OML: A Primitive for Reconciling Open Access with Owner Control in AI Model Distribution
Zerui Cheng, Edoardo Contente, Ben Finch, Oleg Golev, Jonathan Hayase, Andrew Miller, Niusha Moshrefi, Anshul Nasery, Sandeep Nailwal, Sewoong Oh, Himanshu Tyagi, Pramod Viswanath
TL;DR
This work formalizes $OML$ (Open-access, Monetizable, and Loyal) as a primitive to reconcile open-weight model distribution with cryptographic ownership controls, enabling local execution while enforcing per-input authorization. It establishes a rigorous framework with security definitions (model extraction resistance and permission forgery resistance) and a quantitative quality profile $(Utility,Robust,Overhead)$, then analyzes the design space across obfuscation, TEEs, cryptography, and Melange hybrids. The paper proves fundamental limits (including information-theoretic impossibility) and shows how indistinguishability obfuscation can realize $OML$ under strong assumptions, while offering practical pathways such as $OML$ 1.0 using AI-native fingerprints with near-zero overhead. It provides empirical and theoretical evidence that $OML$ is feasible today at a spectrum of security–efficiency trade-offs, and outlines a research agenda at the intersection of cryptography, ML, and mechanism design with significant governance implications.
Abstract
The current paradigm of AI model distribution presents a fundamental dichotomy: models are either closed and API-gated, sacrificing transparency and local execution, or openly distributed, sacrificing monetization and control. We introduce OML(Open-access, Monetizable, and Loyal AI Model Serving), a primitive that enables a new distribution paradigm where models can be freely distributed for local execution while maintaining cryptographically enforced usage authorization. We are the first to introduce and formalize this problem, introducing rigorous security definitions tailored to the unique challenge of white-box model protection: model extraction resistance and permission forgery resistance.
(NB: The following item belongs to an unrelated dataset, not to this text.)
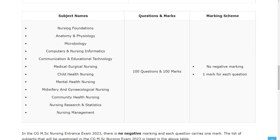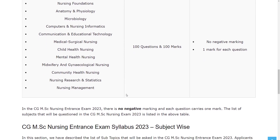In the exam you will have subjects like Nursing Foundations, Anatomy and Physiology, Microbiology, Computers and Nursing Informatics, Communication and Educational Technology, Medical Surgical Nursing, Child Health Nursing, Mental Health Nursing, Midwifery and Gynecological Nursing, Community Health Nursing, Nursing Research and Statistics, and Nursing Management. In total you will have 100 questions and each question carries one mark. There is no negative marking for each wrong answer.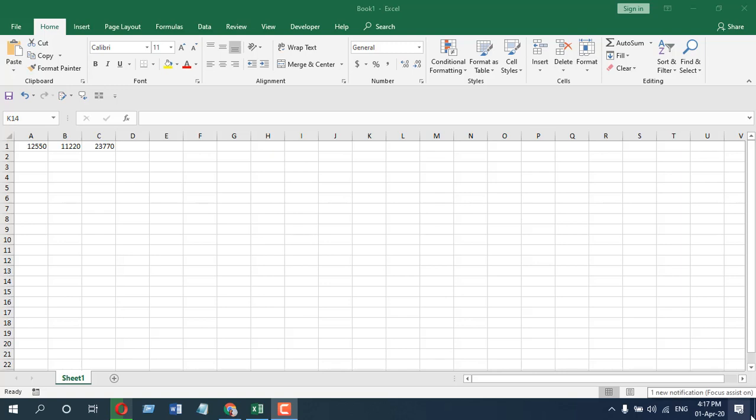Hello everyone, welcome to Excel 10 tutorial. In this quick tutorial, I'm going to show you how you can increase the font size in the formula bar in Microsoft Excel.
We prove fundamental bounds on the achievability of OML properties and characterize the complete design space of potential constructions, from obfuscation-based approaches to cryptographic solutions. To demonstrate practical feasibility, we present OML 1.0, a novel OML construction leveraging AI-native model fingerprinting coupled with crypto-economic enforcement mechanisms. Through extensive theoretical analysis and empirical evaluation, we establish OML as a foundational primitive necessary for sustainable AI ecosystems. This work opens a new research direction at the intersection of cryptography, machine learning, and mechanism design, with critical implications for the future of AI distribution and governance.